15-Minute Meditation

A 15-Minute Meditation to Discover The Truth

A 15-minute meditation provides an opportunity to examine our prejudices, let go of what we believe we know, and discover the truth.

Our thoughts impact our emotions. What we see and think we see is primarily determined by our preconceived notions about the world. We can sometimes benefit from falling into these routines. When we see a door and a doorknob, we know exactly what to do with them. Additionally, we have preconceptions about how roads and walkways function. We can’t live without them since they make it easier to get about. Our preconceived notions, on the other hand, might be highly restricting. Whenever we enter a new environment or look at a new individual, our ingrained patterns of behavior that we’ve formed through time create a barrier between our conscious perceptions and what we perceive. It is where the prejudice comes from. The media and the individuals in our immediate social circles and the people we grew up with may have shaped the way we see particular people.

Meditation is a way to cultivate a more kind and open heart—to ourselves and others—which is part of the purpose. As a result of this exercise, we can maintain a light touch with our thoughts. They become more transparent when we let go of our grip on them and refrain from criticizing or clutching at them. We may go beyond regular mindfulness meditation to reflection and inquiry using the following meditation.

“I don’t know” is the appropriate term here. We’re trying to figure out what the truth is. Such an inquiry can break up an automatic mental process that leads to prejudice. We can let go of our preconceptions.

For Frank Ostaseski, who has worked extensively with dying or unwell people, not knowing is vitally crucial. Rather than filling in the void when you’re with someone unwell or dying, it’s best to acknowledge that you don’t know what they’re experiencing. You can get a better sense of the issue by adopting an attitude of uncertainty.

15-Minute Meditation to Discover What Is Real

  1. If it’s more comfortable for you, sit up straight and close your eyes.

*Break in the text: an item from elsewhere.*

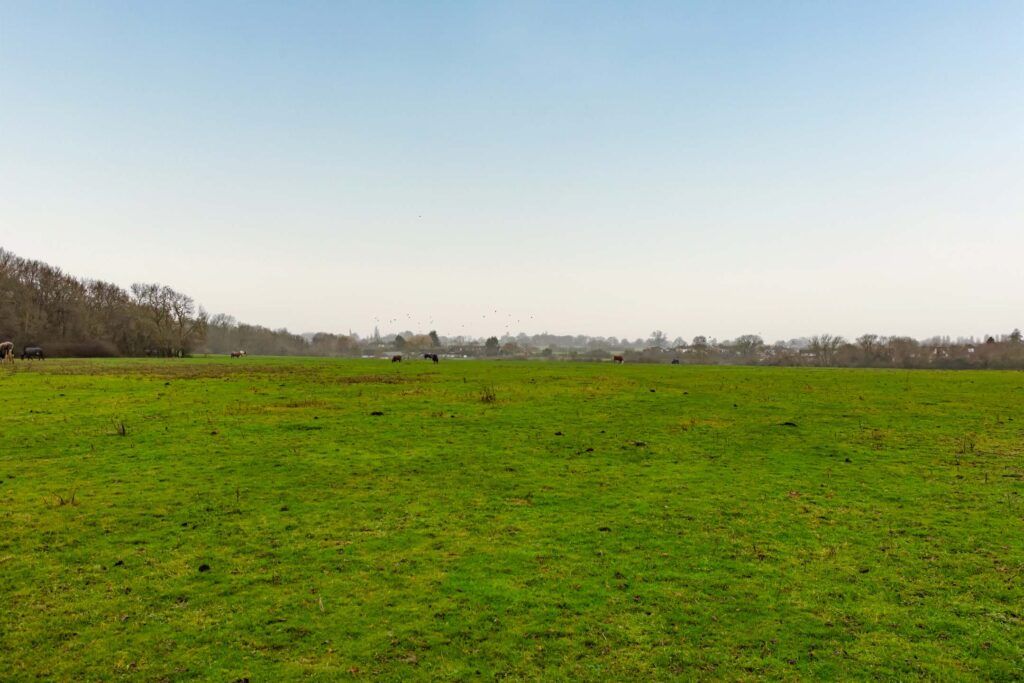 Additional image 4 of Land for salePlot 8, Off New Farm Drive, Romford RM4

It’s okay if you don’t want to close them.
  2. Feel your body’s weight resting on the chair’s or cushion’s armrests or seat. Make sure your feet are firmly planted on the floor at all times.
  3. At your speed, take three deep, mindful breaths.
  4. To better understand your feelings, envision someone or something that frustrates or upsets you. Don’t go for the worst-case scenario. If you’re looking for something tame, go for something more moderate. Perhaps it has to do with a brother, a friend, a parent, or a coworker, or it could be an everyday occurrence.
  5. Ask yourself, “What do I know?” “What am I supposed to know about this?” “Does what I’m picturing in my head about this person or this circumstance match reality?” When someone irritates or upsets you, pay attention to your thoughts. Is that really what you’re thinking?
  6. What do you do now that you’ve realized how you’ve created your understanding of the situation? Let go of it. Allow yourself to be re-awakened to the reality of the circumstance. Increased warmth results from an increase in the degree of openness.
  7. We may cultivate compassion and kindness by asking ourselves questions like “What is truth?” and “What do I know?” It’s also beneficial since we don’t have to struggle against preconceptions or ideas. You’re more likely to feel upset at yourself or someone else if you try to fight against your own biases or preconceptions 15-Minute Meditation.